_Problem to solve_. Return the material below exactly, but only from the line with "ଅାକର୍ଷଣ କରିବ ଚୀନ୍‌ର ମୟୂର ରାଜପ୍ରାସାଦ ତୋରଣ" through the line with "Frédéric Chopin Piano", and without its pictures.

_Material provided_.
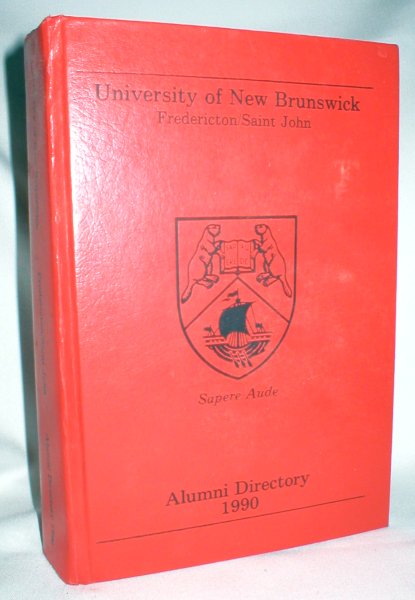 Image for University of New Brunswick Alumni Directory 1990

--

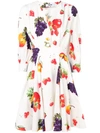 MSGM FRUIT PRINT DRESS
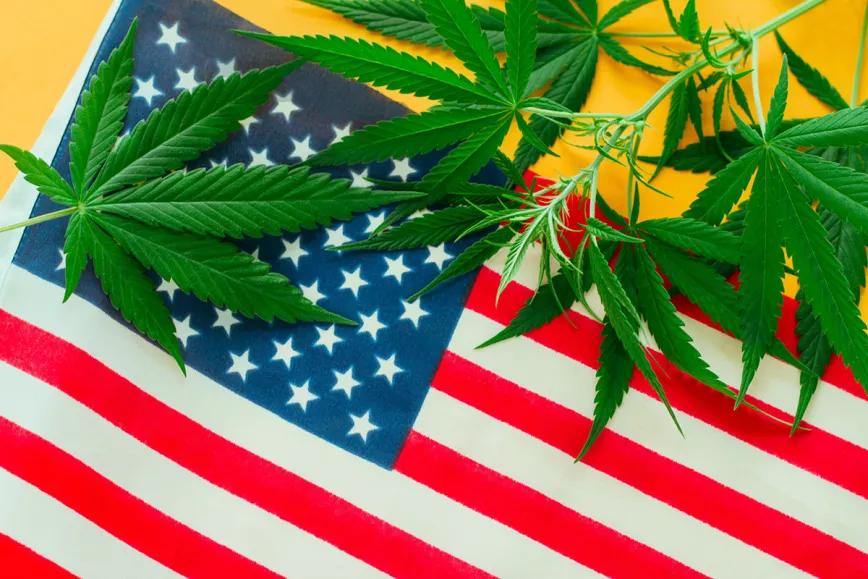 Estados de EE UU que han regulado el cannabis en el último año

---

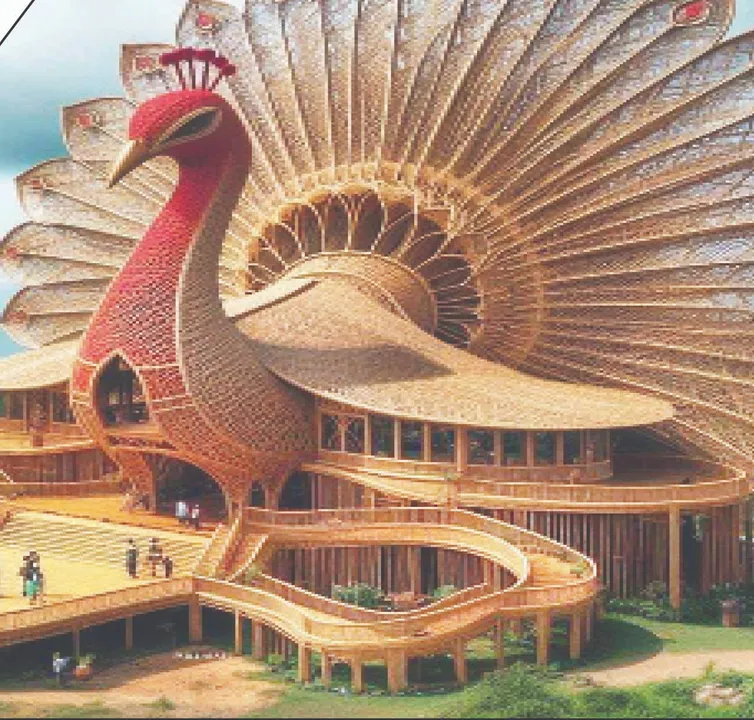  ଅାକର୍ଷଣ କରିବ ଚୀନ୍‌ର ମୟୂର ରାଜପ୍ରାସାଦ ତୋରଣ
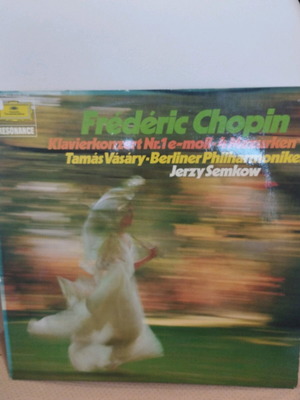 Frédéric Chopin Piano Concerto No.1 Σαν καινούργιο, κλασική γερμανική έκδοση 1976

_Output below_.
  ଅାକର୍ଷଣ କରିବ ଚୀନ୍‌ର ମୟୂର ରାଜପ୍ରାସାଦ ତୋରଣ
 Frédéric Chopin Piano Concerto No.1 Σαν καινούργιο, κλασική γερμανική έκδοση 1976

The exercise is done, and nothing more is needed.